Worth posting in full.
I think any mass transfer back to the banking sector -as outlined below-
could well be halted by a wave of litigation claiming fraud by the banks.
| Quote: | A tsunami of hope or terror?
Commentary byAlan Kohler
7:28 AM, 19 Nov 2008
As the world slips into recession, it is also on the brink of a synthetic
CDO cataclysm that could actually save the global banking system.
It is a truly great irony that the world’s banks could end up being saved
not by governments, but by the synthetic CDO time bomb that they set
ticking with their own questionable practices during the credit boom.
Alternatively, the triggering of default on the trillions of dollars worth of
synthetic CDOs that were sold before 2007 could be a disaster that tips
the world from recession into depression. Nobody knows, but it won’t be a
small event.
A synthetic CDO is a collateralised debt obligation that is based on credit
default swaps rather physical debt securities.
CDOs were invented by Michael Milken’s Drexel Burnham Lambert in the
late 1980s as a way to bundle asset backed securities into tranches with
the same rating, so that investors could focus simply on the rating rather
than the issuer of the bond.
About a decade later, a team working within JP Morgan Chase invented
credit default swaps, which are contractual bets between two parties
about whether a third party will default on its debt. In 2000 these were
made legal, and at the same time were prevented from being regulated,
by the Commodity Futures Modernization Act, which specifies that
products offered by banking institutions could not be regulated as futures
contracts.
This bill, by the way, was 11,000 pages long, was never debated by
Congress and was signed into law by President Clinton a week after it
was passed. It lies at the root of America’s failure to regulate the debt
derivatives that are now threatening the global economy.
Anyway, moving right along – some time after that an unknown bright
spark within one of the investment banks came up with the idea of putting
CDOs and CDSs together to create the synthetic CDO.
Here’s how it works: a bank will set up a shelf company in Cayman
Islands or somewhere with $2 of capital and shareholders other than the
bank itself. They are usually charities that could use a little cash, and
when some nice banker in a suit shows up and offers them money to sign
some documents, they do.
That allows the so-called special purpose vehicle (SPV) to have
“deniability”, as in “it’s nothing to do with us” – an idea the banks would
have picked up from the Godfather movies.
The bank then creates a CDS between itself and the SPV. Usually credit
default swaps reference a single third party, but for the purpose of the
synthetic CDOs, they reference at least 100 companies.
The CDS contracts between the SPV can be $US500 million to $US1
billion, or sometimes more. They have a variety of twists and turns, but it
usually goes something like this: if seven of the 100 reference entities
default, the SPV has to pay the bank a third of the money; if eight
default, it’s two-thirds; and if nine default, the whole amount is repayable.
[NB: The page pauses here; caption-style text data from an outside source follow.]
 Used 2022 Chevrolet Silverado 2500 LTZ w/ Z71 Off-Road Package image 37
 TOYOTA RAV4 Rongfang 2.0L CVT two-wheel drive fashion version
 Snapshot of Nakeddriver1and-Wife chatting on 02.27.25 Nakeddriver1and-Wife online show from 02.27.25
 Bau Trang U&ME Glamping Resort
For this, the bank agrees to pay the SPV 1 or 2 per cent per annum of the
contracted sum.
Finally the SPV is taken along to Moody’s, Standard and Poor’s and Fitch’s
and the ratings agencies sprinkle AAA magic dust upon it, and transform
it from a pumpkin into a splendid coach.
The bank’s sales people then hit the road to sell this SPV to investors. It’s
presented as the bank’s product, and the sales staff pretend that the bank
is fully behind it, but of course it’s actually a $2 Cayman Islands company
with one or two unknowing charities as shareholders.
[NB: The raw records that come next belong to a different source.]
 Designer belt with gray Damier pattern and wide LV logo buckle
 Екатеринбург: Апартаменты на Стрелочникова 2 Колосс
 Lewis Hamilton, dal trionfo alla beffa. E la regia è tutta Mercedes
It offers a highly-rated, investment-grade, fixed-interest product paying a
1 or 2 per cent premium. Those investors who bother to read the fine
print will see that they will lose some or all of their money if seven, eight
or nine of a long list of apparently strong global corporations go broke. In
2004-2006 it seemed money for jam. The companies listed would never
go broke – it was unthinkable.
Here are some of the companies that are on all of the synthetic CDO
reference lists: the three Icelandic banks, Lehman Brothers, Bear
Stearns, Freddie Mac, Fannie Mae, American Insurance Group, Ambac,
MBIA, Countrywide Financial, Countrywide Home Loans, PMI, General
Motors, Ford and a pretty full retinue of US home builders.
In other words, the bankers who created the synthetic CDOs knew
exactly what they were doing. These were not simply investment products
created out of thin air and designed to give their sales people something
from which to earn fees – although they were that too.
They were specifically designed to protect the banks against default by
the most leveraged companies in the world. And of course the banks
knew better than anyone else who they were.
As one part of the bank was furiously selling loans to these companies,
another part was furiously selling insurance contracts against them
defaulting, to unsuspecting investors who were actually a bit like “Lloyds
Names” – the 1500 or so individuals who back the London reinsurance
giant.
Except in this case very few of the “names” knew what they were buying.
And nobody has any idea how many were sold, or with what total face
value.
It is known that some $2 billion was sold to charities and municipal
councils in Australia, but that is just the tip of the iceberg in this country.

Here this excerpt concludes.